A New York Times editor has left Twitter after receiving a large number of anti-Semitic tweets.
Jonathan Weisman, deputy Washington editor of the newspaper, announced in a tweet Wednesday that he “will be moving to Facebook where at least people need to use their real names and can’t hide behind fakery to spread their hate.”
Weisman was sent tweets calling him a “kike” and threatening to put him “in the oven,” and asked Twitter to suspend the users. In response, the company said the examples did not violate its rules and the users would not be suspended, Weisman tweeted. By late Wednesday morning, however, two of the users were suspended.
Weisman has more than 34,000 Twitter followers. More than 2,800 people were following him on Facebook as of Thursday afternoon.

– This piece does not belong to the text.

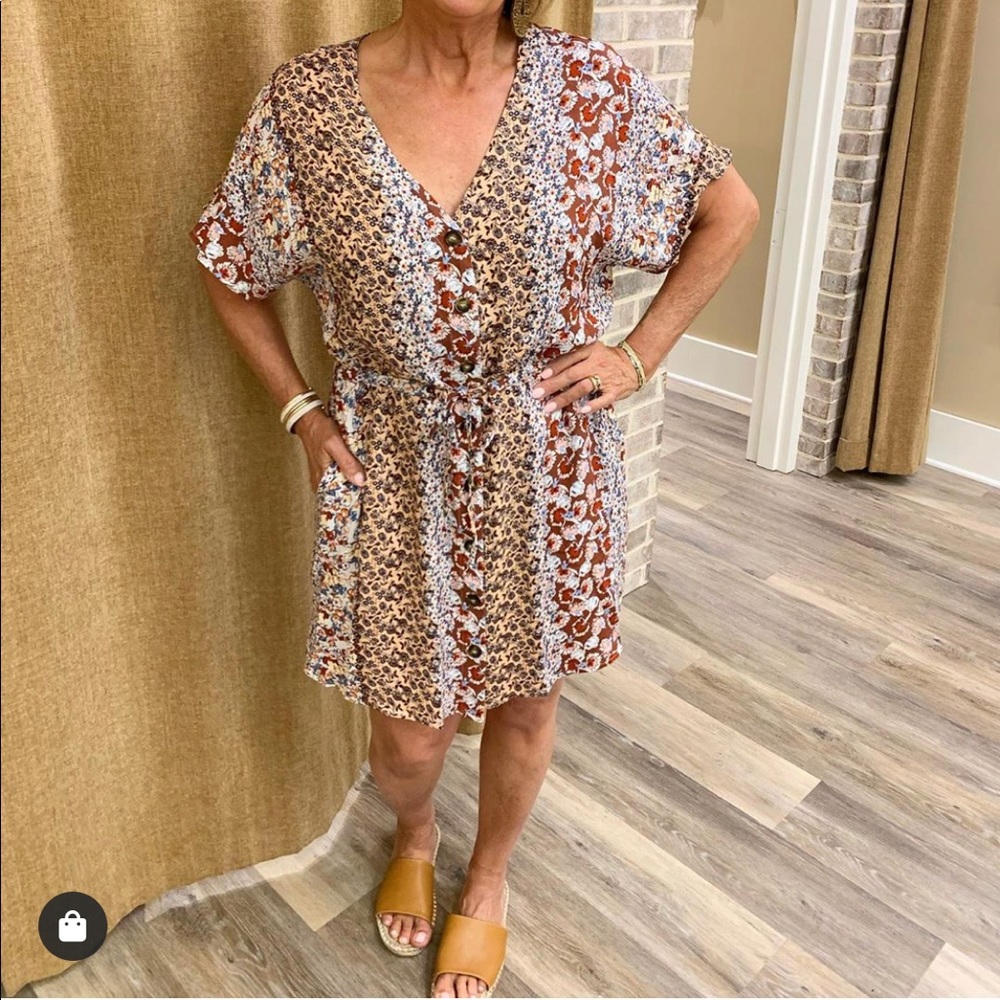 NWT Promesa Floral Print V-Neck Dress Sz L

Last month, Weisman wrote in the Times about Twitter attacks from supporters of presumed GOP presidential candidate Donald Trump.
He recently put his name in triple parentheses known as the echo symbol, used by white supremacists and anti-Semites to identify Jews on Twitter.
Over the past several weeks, the echo has been used as part of a pattern of harassment against a group of journalists including Weisman, Jeffrey Goldberg of the Atlantic, Julia Ioffe of GQ, Bethany Mandel of the New York Post and Ben Shapiro of The Daily Wire.